Por: Jorge Leiva

"Marihuana"

SOY UN AMANTE DE LA LIBERTAD Y considero que juzgar a las personas por sus preferencias individuales está mal.

Por eso respeto totalmente a quienes disfrutan la marihuana y también a quienes no les gusta. Yo estoy entre estos últimos. Ni los versos de Bob Marley, ni mi amor por las letras, ni los años de invierno en culturas menos mojigatas que la nuestra han logrado que me atraiga, ni siquiera un poquito.

Su olor me marea y me cuesta quitármelo de encima. Se me queda en la mente, como el recuerdo de un mal amor. Cuando alguien suelta al viento una bocanada de humo viscoso, de humo baretero, me siento aliviado de que ese olor no sea parte de mi ropa, de mis manos, de mi vida.

Su sabor me parece demasiado dulce y pastoso. Como el de un vino espumoso y espeso de mala calidad mezclado con leche. No surte el efecto del tabaco fuerte que seduce el paladar y consiente la lengua como a una mujer antes de dormir. Tampoco se acerca al sabor del whisky que, con el segundo sorbo, enamora la boca. Y menos al del sexo que siempre saca una sonrisa y evoca la faena dejada atrás. El sabor de la marihuana es para mí un intruso, un extraño que me produce desconfianza y me genera rechazo.

Su efecto me deprime. Además, creo que dura demasiado. El alma me falla y me siento subiendo una montaña de espalda. Me produce un hormigueo en el cuerpo que encuentro mentiroso. La piel deja de ser propia y se convierte en algo prestado… en un vestido viejo, en un abrigo sucio. Llegan malos recuerdos de todos lados directo al corazón. Me atacan mis errores, mis accidentes, mis fracasos. Siento ganas de escaparme lejos de mí mismo y no puedo.

Al día siguiente, cuando se supone que una noche de sueño ha hecho el milagro del olvido, sigo sufriendo sus consecuencias. Me siento triste, abandonado, sedentario. Pierdo la memoria y la gracia para disfrutar de las cosas simples.

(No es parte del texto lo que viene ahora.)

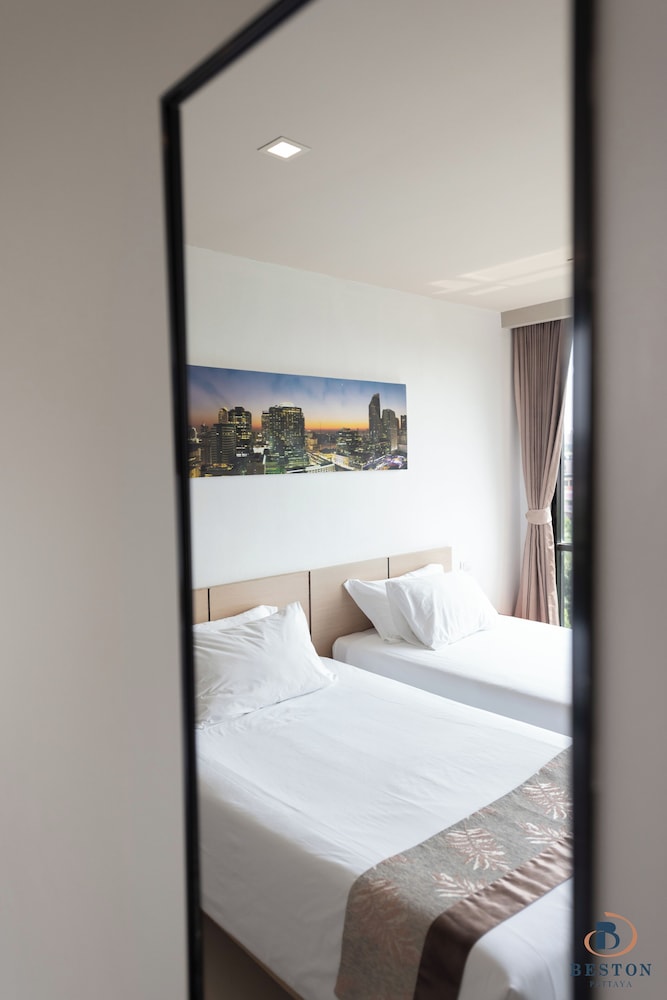 Superior King Room photo 2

Se me juntan ese olor y ese sabor en una mezcla permanente de melancolía y cansancio que me acompaña todo el día. Me cuesta concentrarme. Es algo que me molesta, precisamente, porque me quita libertad.

Hace años rompí el mito y lo cuento ya, antes de que la vida me vuelva candidato presidencial y California convierta el tabú en un negocio lícito. Creo que fue en un colegio gringo de curas que debían enseñarme disciplina. Desde entonces prefiero el whisky con hielo, sin agua o puro.

Para mí, “marihuana” es una palabra más que escandaliza a quienes aún viven en un siglo anterior. También el símbolo de una deuda pendiente de la humanidad con la libertad. Una deuda que California, por lo visto, se dispone a saldar. Aunque... eso sí, es posible que yo siga usando la hierba. No fumándomela, sino en un ritual mágico en el que me inició Jame Garzón. Una tarde, café en mano, después de analizar la política le pregunté por el secreto de su éxito con las mujeres. Me miró, sonrió dejando ver sus dientes desordenados y me dijo: “Es fácil, Leyva... Usted las mira a los ojos, deja pasar unos segundos y luego les dice: ‘Quisiera ser… la bareta que te hace toser’”. Gracias Jaime, donde quiera que estés. Ya veremos con qué sale California.